Using Scrapy i'm implementing a CrawlSpider which will scrape all kinds of websites and hence, sometimes very slow ones which will produce a timeout eventually.
My problem is that if such a twisted.internet.error.TimeoutError
occurs, i want to trigger the errback of my spider. I don't want to raise this exception and i also don't want to return a dummy Response object which may would suggest that scraping was successful.

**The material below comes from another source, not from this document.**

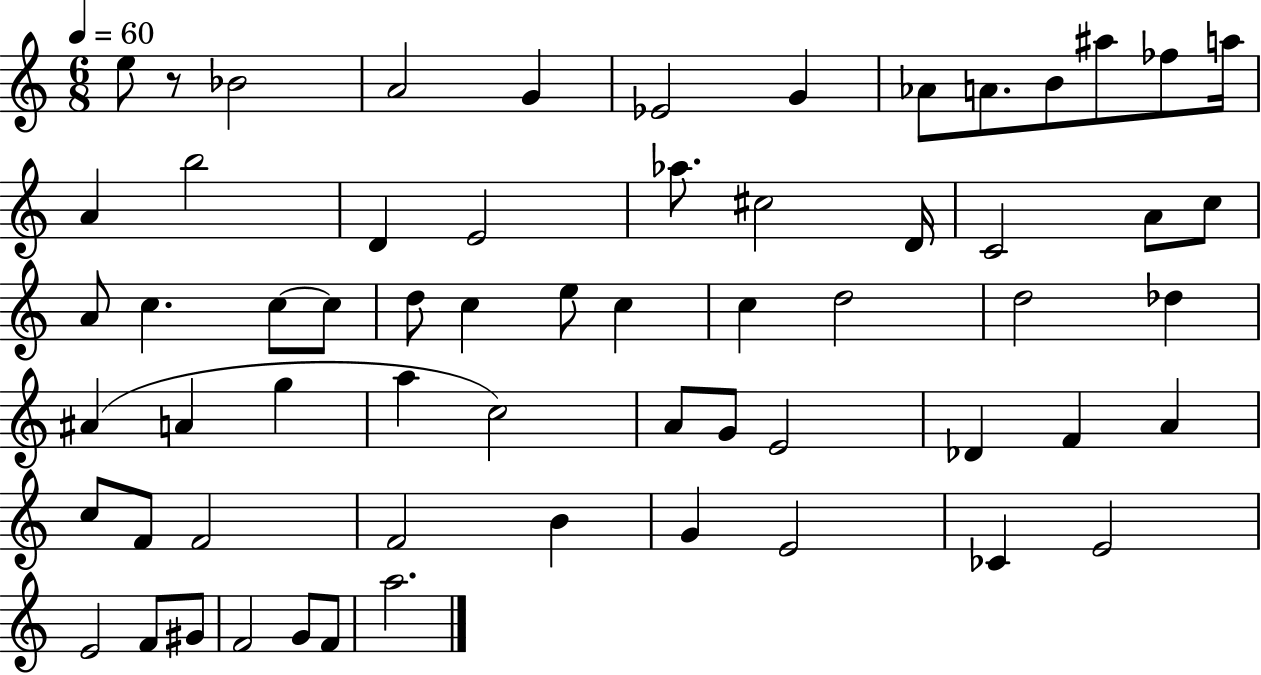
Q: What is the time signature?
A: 6/8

Note that i was already able to made all of this work, but only using a "dirty" workaround:
myspider.py (excerpt)
class MySpider(CrawlSpider):
name = 'my-spider'
rules = (
Rule(
link_extractor=LinkExtractor(unique=True),
callback='_my_callback', follow=True
),
)
def parse_start_url(self, response):
# (...)
def errback(self, failure):
log.warning('Failed scraping following link: {}'
.format(failure.request.url))
middlewares.py (excerpt)
from twisted.internet.error import DNSLookupError, TimeoutError
# (...)
class MyDownloaderMiddleware(object):
@classmethod
def from_crawler(cls, crawler):
# This method is used by Scrapy to create your spiders.
s = cls()
crawler.signals.connect(s.spider_opened, signal=signals.spider_opened)
return s
def process_request(self, request, spider):
return None
def process_response(self, request, response, spider):
return response
def process_exception(self, request, exception, spider):
if (isinstance(exception, TimeoutError)
or (isinstance(exception, DNSLookupError))):
# just 2 examples of errors i want to catch
# set status=500 to enforce errback() call
return Response(request.url, status=500)
Settings should be fine with my custom Middleware already enabled.
Now as you can see by using return Response(request.url, status=500)
i can trigger my errback()
function in MySpider as desired. However, the status code 500 is very misleading because it's not only incorrect but technically i never receive any response at all.
So my question is, how can i trigger my errback()
function trough DownloaderMiddleware.process_exception()
in a clean way?
EDIT: I quickly figured it out that for similar exceptions like DNSLookupError
i want to have the same behaviour in place. I've updated the coding snippets accordingly.